Yes, I like Milano Cookies. Orange, raspberry, mint … bring them on. I like them with milk. I like them with tea. I like them out of the bag. I like them artfully arranged on a platter with strawberries and whipped cream. I also like them on Facebook.
I found out that Pepperidge Farm has a Milano Cookies Facebook page when I made a post that mentioned Milanos, and for a week, the right side of my page was cluttered with ads for Pepperidge Farm products and a prompt to "like" the Milano Cookies page. So I did. Then posts from the page started popping up on my wall two or three times a day: "What type of Milanos will you be enjoying after dinner tonight?" "Who do you like sharing your Milanos with?"

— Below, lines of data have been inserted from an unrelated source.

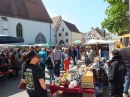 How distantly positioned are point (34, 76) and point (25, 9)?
33.7 m

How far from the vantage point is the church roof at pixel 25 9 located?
97.7 feet

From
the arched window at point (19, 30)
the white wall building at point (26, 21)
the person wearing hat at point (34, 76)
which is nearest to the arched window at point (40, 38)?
the white wall building at point (26, 21)

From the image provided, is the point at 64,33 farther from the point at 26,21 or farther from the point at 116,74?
the point at 116,74

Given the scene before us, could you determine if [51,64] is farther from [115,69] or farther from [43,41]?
[43,41]

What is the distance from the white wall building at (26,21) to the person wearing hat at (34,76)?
26242mm

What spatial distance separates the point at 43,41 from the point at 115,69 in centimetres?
3313

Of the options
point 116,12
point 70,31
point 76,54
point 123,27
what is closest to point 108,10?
point 116,12

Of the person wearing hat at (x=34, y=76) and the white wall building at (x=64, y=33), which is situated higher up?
the white wall building at (x=64, y=33)

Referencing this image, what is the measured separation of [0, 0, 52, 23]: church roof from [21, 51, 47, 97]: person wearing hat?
27812 mm

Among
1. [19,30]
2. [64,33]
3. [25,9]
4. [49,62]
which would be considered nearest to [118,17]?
[49,62]

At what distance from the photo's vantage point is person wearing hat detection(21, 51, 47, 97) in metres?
2.89

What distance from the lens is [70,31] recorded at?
1940 inches

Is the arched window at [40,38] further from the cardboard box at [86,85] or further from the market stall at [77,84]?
the cardboard box at [86,85]

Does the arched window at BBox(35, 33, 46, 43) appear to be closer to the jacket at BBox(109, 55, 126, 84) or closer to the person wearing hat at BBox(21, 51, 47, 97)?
the jacket at BBox(109, 55, 126, 84) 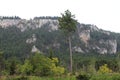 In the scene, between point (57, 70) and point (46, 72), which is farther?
point (57, 70)

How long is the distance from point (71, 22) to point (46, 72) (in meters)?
9.84

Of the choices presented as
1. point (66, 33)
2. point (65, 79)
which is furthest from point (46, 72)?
point (65, 79)

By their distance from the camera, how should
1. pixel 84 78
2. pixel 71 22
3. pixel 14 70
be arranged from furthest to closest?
pixel 14 70 < pixel 71 22 < pixel 84 78

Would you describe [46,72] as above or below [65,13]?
below

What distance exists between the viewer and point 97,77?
123 ft

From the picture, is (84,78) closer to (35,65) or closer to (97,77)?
(97,77)

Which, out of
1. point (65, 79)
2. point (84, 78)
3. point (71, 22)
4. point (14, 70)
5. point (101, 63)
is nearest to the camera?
point (84, 78)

In what I must now assume was a fit of deadline-induced procrastination, I responded to one of the threads. Not long after, I got an alert that said I was mentioned in a comment on the Milano page. I clicked through, and yup, the "page" had responded to my comment, mentioning me by name (thus prompting the alert) and talking specifically about what I had said. I just thought that was cool, and I found myself getting involved in conversations about cookies at least once a day, sometimes more. I tried to egg the people behind the page into talking about their social-media strategy, but they stayed in character and brought it all back to the cookies.

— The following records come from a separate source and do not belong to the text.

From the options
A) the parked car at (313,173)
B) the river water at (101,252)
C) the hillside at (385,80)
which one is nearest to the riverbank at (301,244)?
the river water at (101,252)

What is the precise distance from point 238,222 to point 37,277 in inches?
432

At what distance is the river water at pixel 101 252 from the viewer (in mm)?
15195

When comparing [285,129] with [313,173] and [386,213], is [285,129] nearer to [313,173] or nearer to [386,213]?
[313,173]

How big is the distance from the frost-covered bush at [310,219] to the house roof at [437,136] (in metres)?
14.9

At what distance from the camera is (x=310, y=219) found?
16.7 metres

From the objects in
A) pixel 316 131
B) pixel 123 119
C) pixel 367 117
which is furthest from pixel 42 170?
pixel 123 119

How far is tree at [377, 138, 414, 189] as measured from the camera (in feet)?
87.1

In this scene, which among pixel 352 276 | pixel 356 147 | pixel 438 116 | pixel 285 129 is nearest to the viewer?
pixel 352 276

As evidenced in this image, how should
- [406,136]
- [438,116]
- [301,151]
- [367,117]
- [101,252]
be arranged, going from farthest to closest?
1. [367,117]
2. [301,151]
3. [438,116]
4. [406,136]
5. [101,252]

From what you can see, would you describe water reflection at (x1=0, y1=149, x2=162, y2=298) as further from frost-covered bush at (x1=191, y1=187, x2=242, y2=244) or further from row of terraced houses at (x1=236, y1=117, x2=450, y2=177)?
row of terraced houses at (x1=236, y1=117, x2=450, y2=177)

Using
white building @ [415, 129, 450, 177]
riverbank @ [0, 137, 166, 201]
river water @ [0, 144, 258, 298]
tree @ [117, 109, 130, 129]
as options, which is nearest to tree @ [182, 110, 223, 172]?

A few weeks ago, I got a message from the page saying that it had sent me a private message. There's an "Other Messages" area on Facebook that holds messages from pages rather than from people, and it's something I never knew existed so I never checked it. The comment on my page from the Milano Cookies page alerted me to the message, and I went and checked it out. It said that Pepperidge Farm wanted to reward me for being such a "sweet part of the online conversation about Milanos" by sending me a gift.